In February, the industry collectively gasped when UBS Financial Services Inc. said it had hired more than 200 brokers in the fourth quarter of last year, one of the worst periods for the financial markets since the Great Depression. The Swiss bank paid big bucks, too. It hired a team from five managers in Dallas from Goldman Sachs Group Inc. with $4 billion under management, and a team five from Morgan Stanley in Houston with about $2 billion. UBS poached these professionals by offering them signing bonuses of as much as 260% of the revenue they generated for their firms over the past year. Top brokers can bring in at least $1.5 million to $2 million per year.
With the upheaval at the large investment banks over the past year, the market is particularly fluid at the moment, with large firms bidding for brokers across Wall Street. Merrill Lynch & Co. Inc., which has one of the largest wealth-management businesses, sold itself to Bank of America Corp.. JPMorgan Chase & Co. and Barclays PLC enveloped the brokerage units of Bear Stearns and Lehman, respectively.
Some of these firms are adding brokers during a time of economic weakness in the hopes that they can gain market share by stealing away unhappy customers from other banks.
Are you a litigator at a big law firm who spends all day checking your stock quotes when you should be drafting interrogatories? Or maybe you're a computer saleswoman who has more interest in the yield curve than software code? Or perhaps you're a commercial real-estate broker obsessed with tax planning?
If you answer any those “yes,” wealth management might be the right career for you. But the real point of that string of questions is to emphasize that there is no clear path to getting into the wealth management business.
While there is a small group of professionals that start out as junior analysts and work their way up to become full-fledged investment professionals, many move laterally from other fields, as well as from other areas within their banks. So a globetrotting investment banker looking to have more steady hours might look to move into a private wealth management role. Or a derivatives saleswoman who wants to work with a broader range of investment products might be a good candidate for the business.
A maxim of the wealth management world is that people will give you their assets to manage “if they like you, trust you and think you can make them a little bit of money -- in that order." While it will have you dealing in sophisticated financial matters, at bottom the job is about selling yourself and serving your client’s interests. Keep that in mind when exploring opportunities.
GETTING THE JOB
To persuade wealthy individuals to hand over their money to you, you have to be polished, persuasive and persistent.
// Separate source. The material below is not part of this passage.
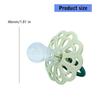 Food Grade Dummy Soother Pacifier Adorable Flower / Bowknot Shaped Pacifier For Newborns Make Of Silicone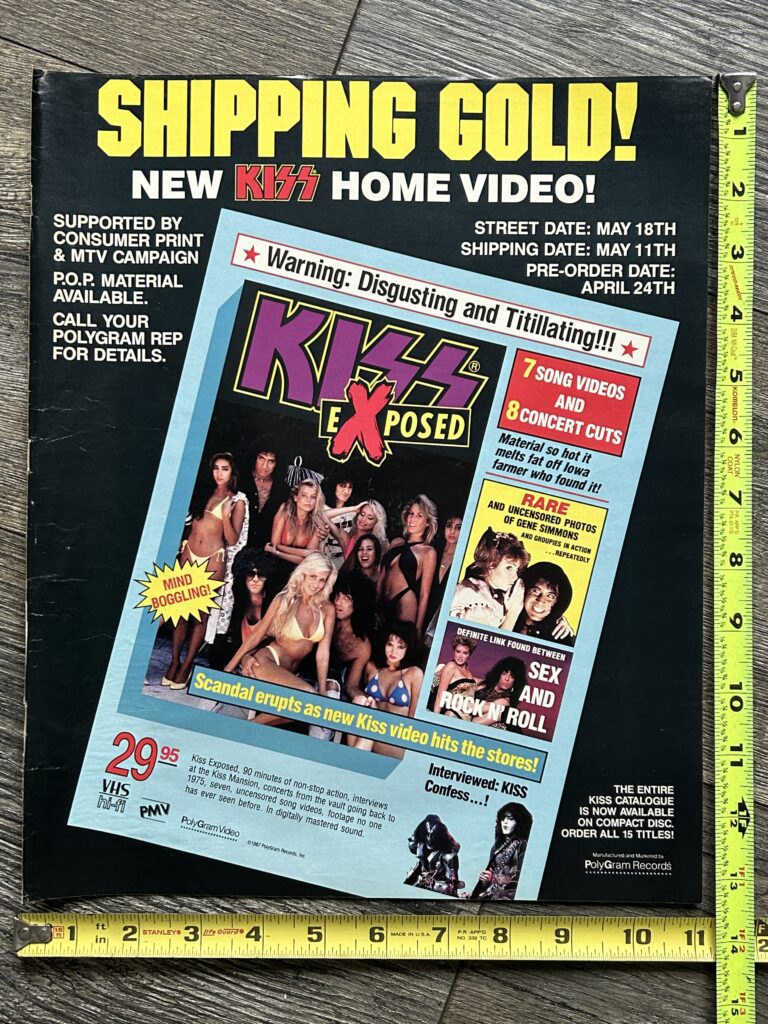 KISS Ad Advert Kiss Exposed VHS Home Video Release 1987 Vintage Kiss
Those qualities will serve you well in trying to break into this field.
Networking is a huge component of the private wealth management job, and you can also put these skills to work in finding one. Continue to build professional relationships and a referral network of attorneys and accountants. These professionals routinely work with many private wealth management professionals and can possibly help you get your foot in the door.
Many of the top firms have excellent training programs that teach you the business before sending you out to gather assets. To score a job at some of the larger firms such as Goldman Sachs or Morgan Stanley, a graduate degree is required. In other cases, firms might require that you already have prior experience as a financial advisor with a “book of business” that you will bring along with you.
Finally, learn all you can about rich people. Just as wannabe cardiologists master the human heart and tax lawyers-in-training study the internal revenue code, you should become an expert in the ways of the wealthy -- they are your subject. For starters, pick up a copy of "Richistan," a 2007 book by The Wall Street Journal's Robert Frank. The book does a deep and entertaining sociological dive into the lives of the new rich in America, shedding light on what will hopefully be your future client base.